Hong Kong pays tribute to China’s Tiananmen dead
Six football pitches in Victoria Park filled with crowds holding candles to mark 26th anniversary of Beijing crackdown.

Tens of thousands have gathered in central Hong Hong to mark the 26th anniversary of China’s Tiananmen Square crackdown, which saw hundreds of pro-democracy protesters killed by security forces in central Beijing.
Six football pitches in Victoria Park were filled on Thursday with sombre crowds who held candles aloft as they paid silent tribute to the dead.

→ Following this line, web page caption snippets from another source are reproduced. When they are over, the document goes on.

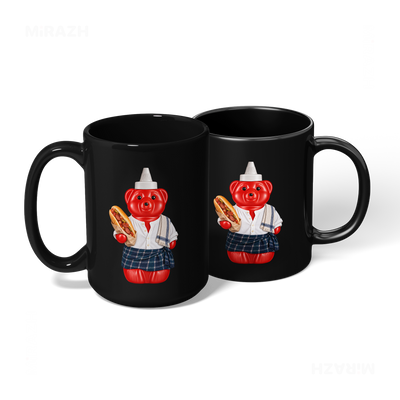 SosKhersiBandari Ceramic Mug 08 Black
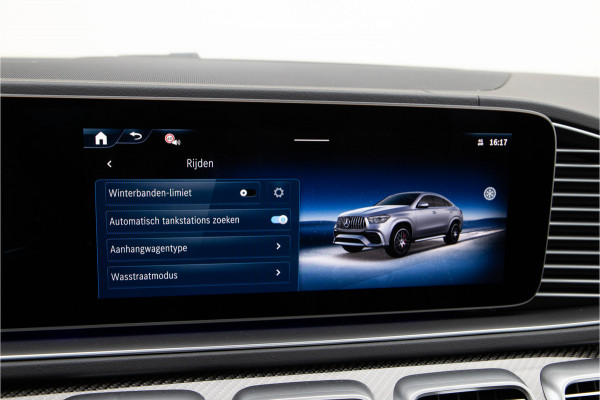 Mercedes-Benz GLE Coupé AMG 53 Hybrid 4MATIC+ Premium Plus, Carbon, Nightpack, Head-Up, Distronic, Airmatic 585pk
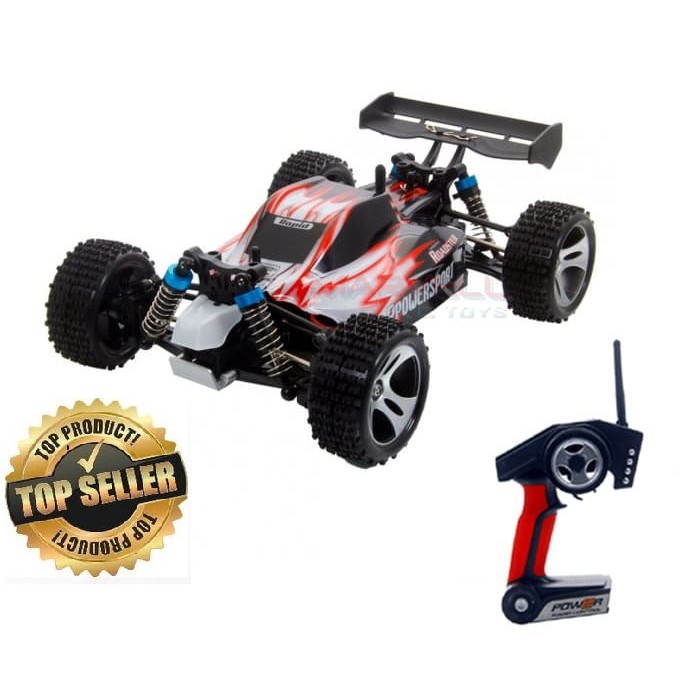 Jual rc car WLtoys vortex A959 bonus 
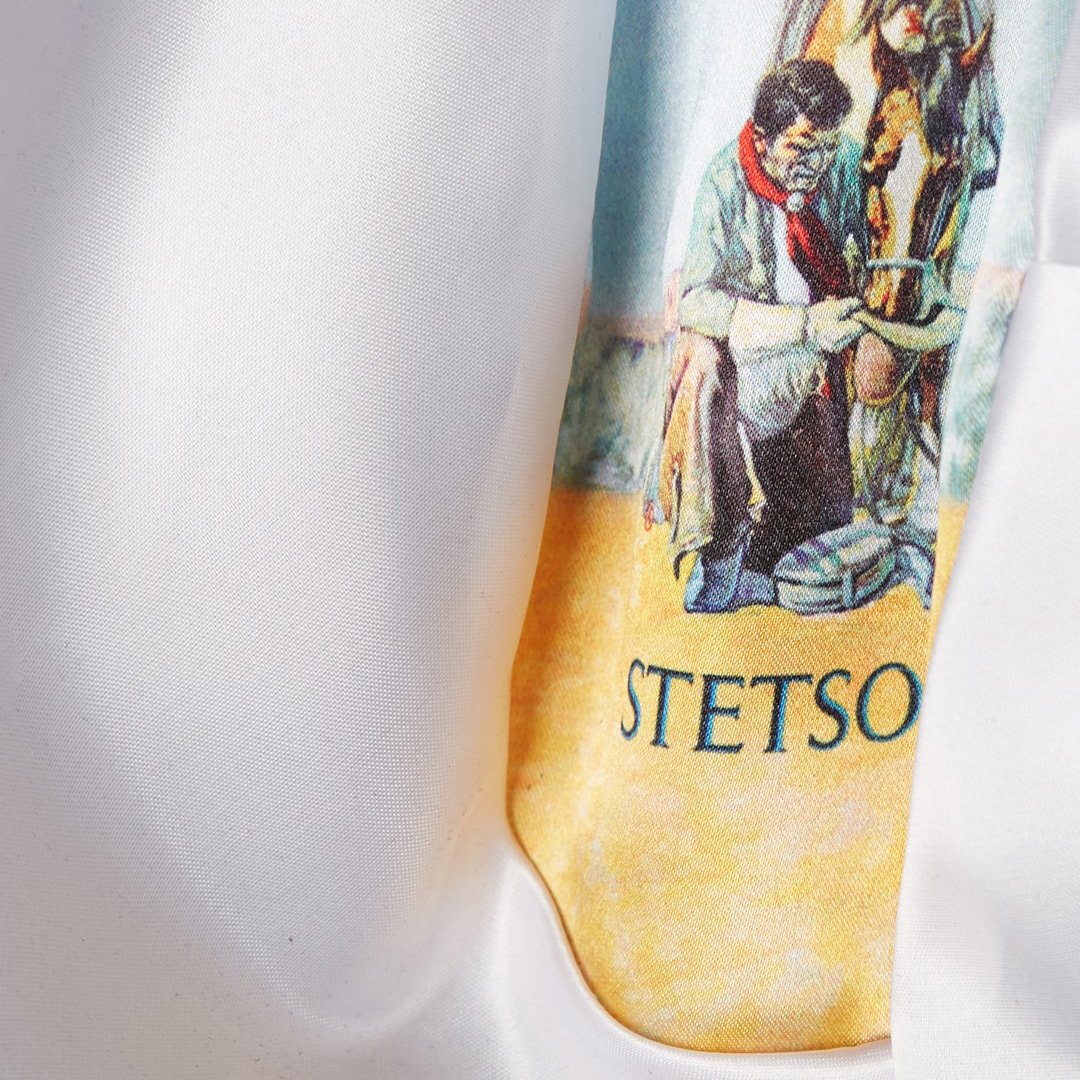 Lariat 5X Cowboy Hat - 4 5/8&quot; Crown Black | Men/Women Stetson Western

Organisers said that 135,000 had attended the commemoration.
Students later took to the stage and burned a copy of Hong Kong’s mini-constitution, or Basic Law, saying it “restricted democracy”.

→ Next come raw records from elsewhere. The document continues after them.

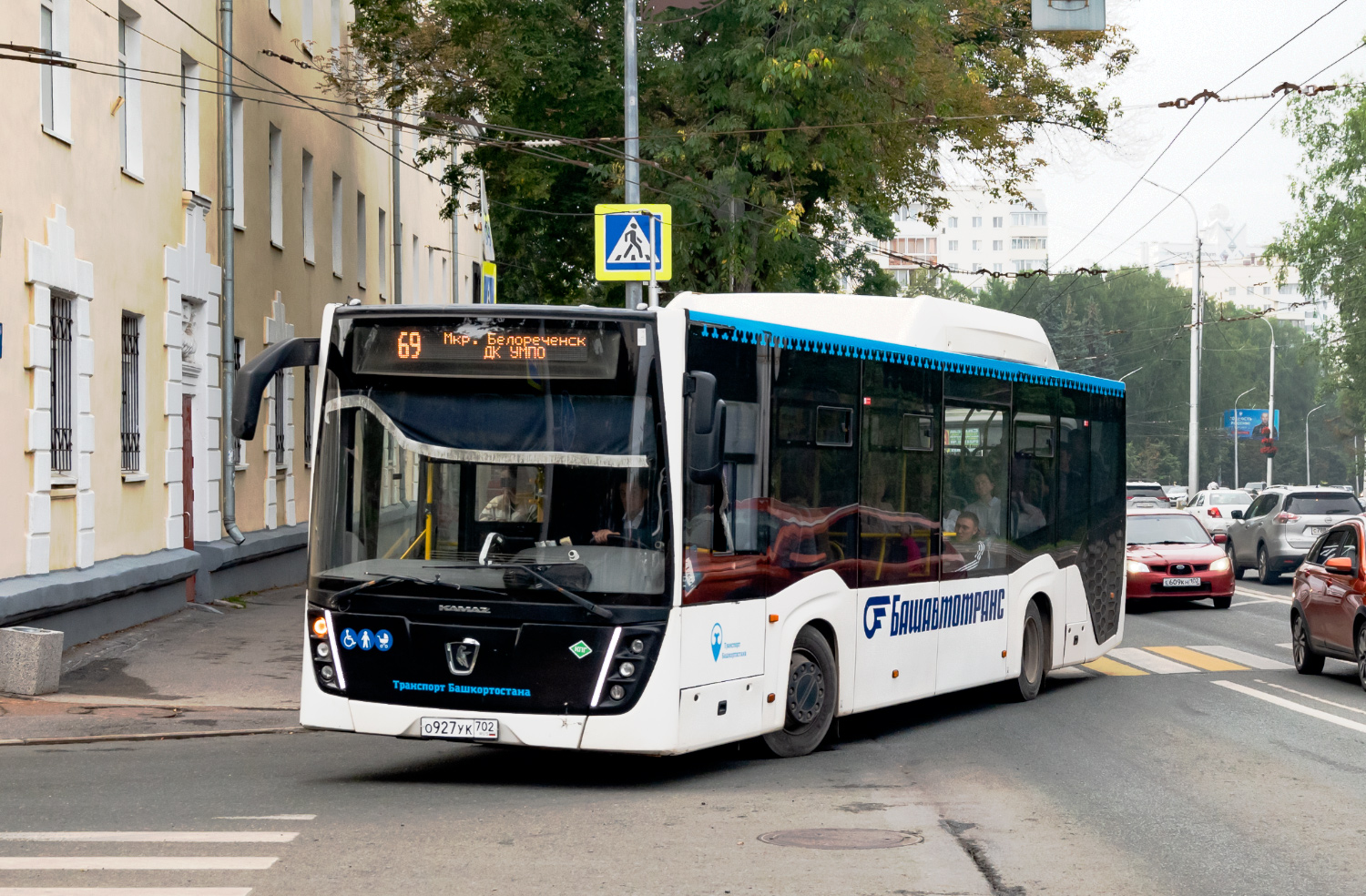 Башкортостан, НефАЗ-5299-30-57 № 6773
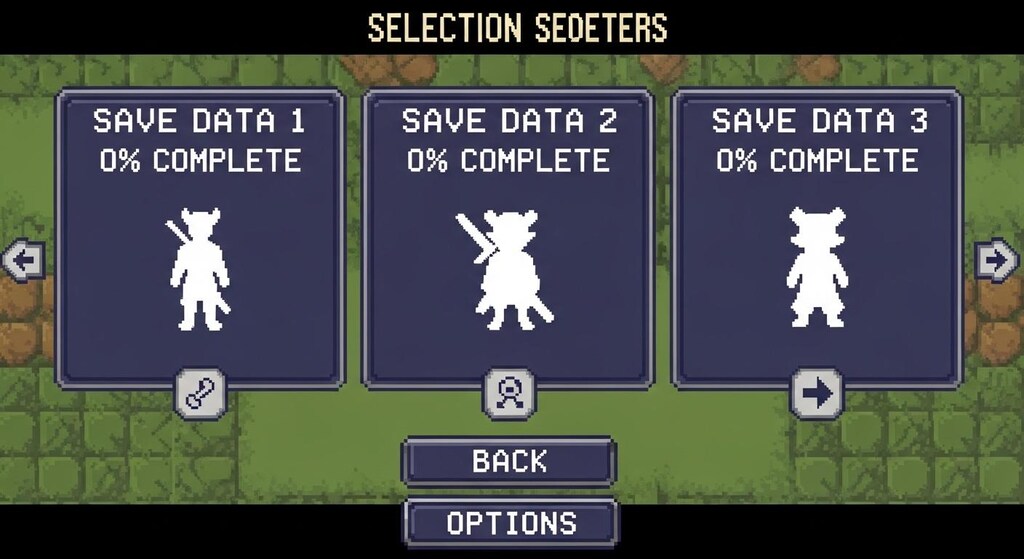 スーパーデラックスなセーブデータ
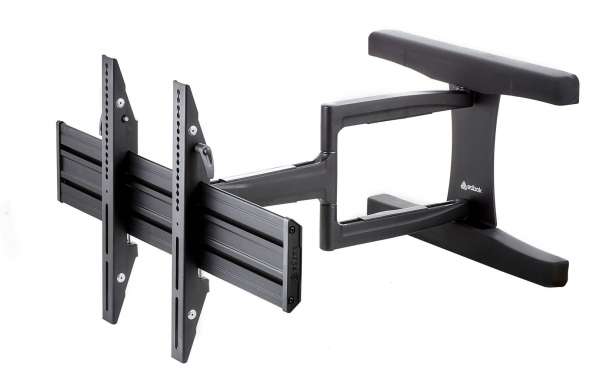 Doppelschwenkarm-Wandhalterung für 49-65"-Bildschirme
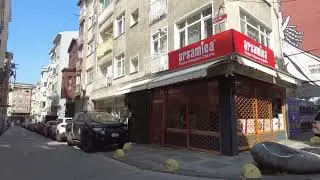 ISTANBUL, Turkey - Rasimpaşa Street Murals
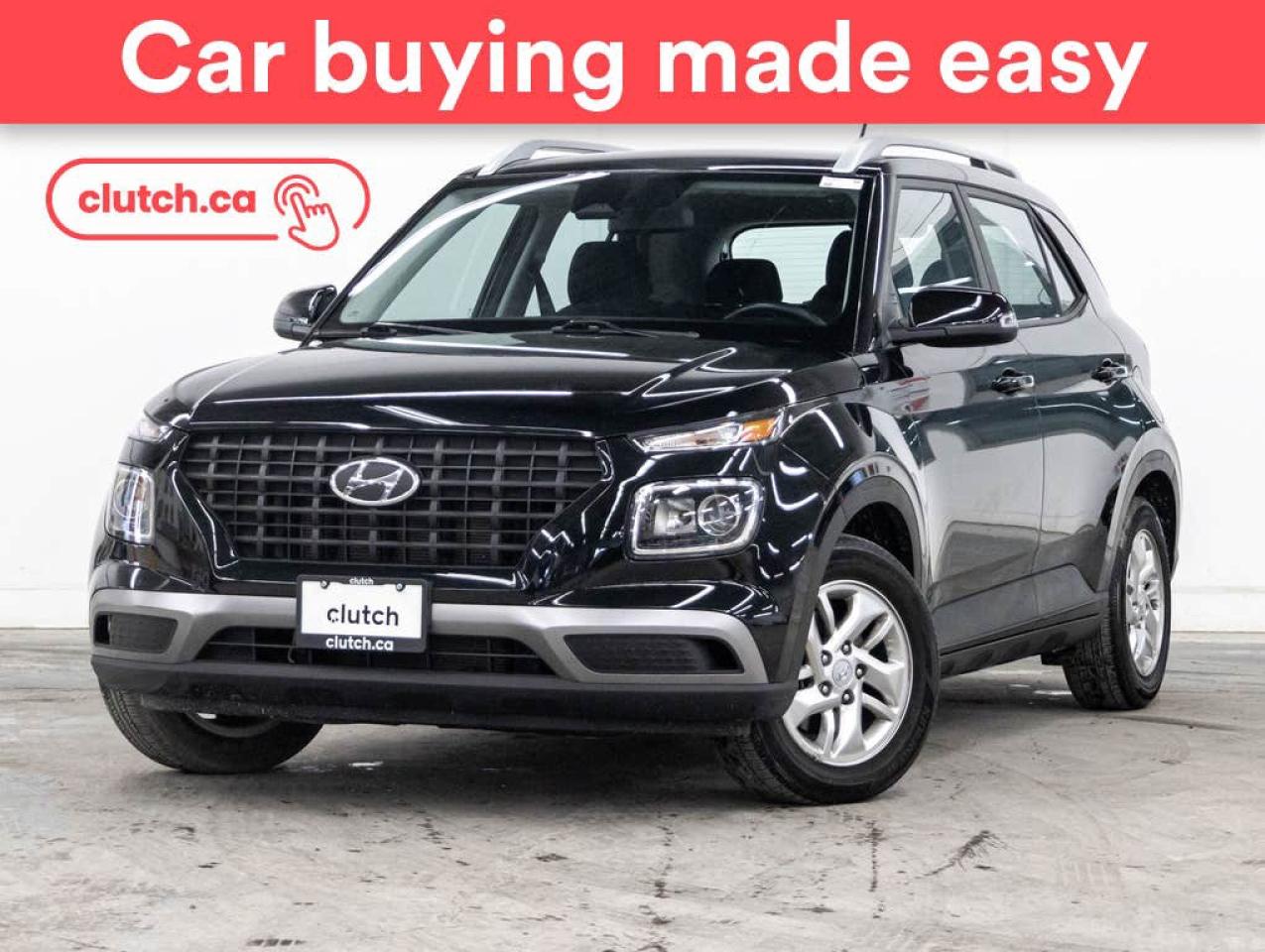 Used 2023 Hyundai Venue Preferred w/ Apple CarPlay & Android Auto, Rearview Cam, Climate Control for sale in Toronto, ON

Hong Kong is the only location on Chinese soil to commemorate the military’s crushing of pro-democracy protests in central Beijing in 1989.
Hundreds – by some estimates more than a thousand – died after the Communist Party sent tanks to disperse demonstrations at the square in the heart of Beijing, where student-led protesters had staged a peaceful seven-week sit-in to demand democratic reforms.
The US called for “an official accounting of the victims” of the 1989 crackdown on Thursday, as well as the release from prison of those serving Tiananmen-related sentences.
![A pro-democracy protester blocks tanks in Tiananmen Square, Beijing, China, on June 4, 1989 [AP]](/wp-content/uploads/2009/06/20096144642956734_2.jpeg?quality=80)
The US State Department also urged a halt to the harassment and detention of those who want to commemorate the anniversary.
Chinese Human Rights Defenders, a US-based group, said state security had detained dozens of activists in the Chinese provinces of Shaanxi and Hunan in advance of this year’s anniversary.
Zhang Xianling, 77, whose then 19-year-old son was killed during the crackdown, said she visited his grave in Beijing on Thursday, where dozens of plainclothes security staff stood watching.
More than seven security officers remain near her apartment, with two guarding her door, she told AFP news agency.
In Taiwan, prominent former student leaders who were at Tiananmen – Wuer Kaixi and Wang Dan – spoke to a crowd of hundreds in the capital Taipei, some of whom carried yellow umbrellas, the symbol of Hong Kong’s pro-democracy movement.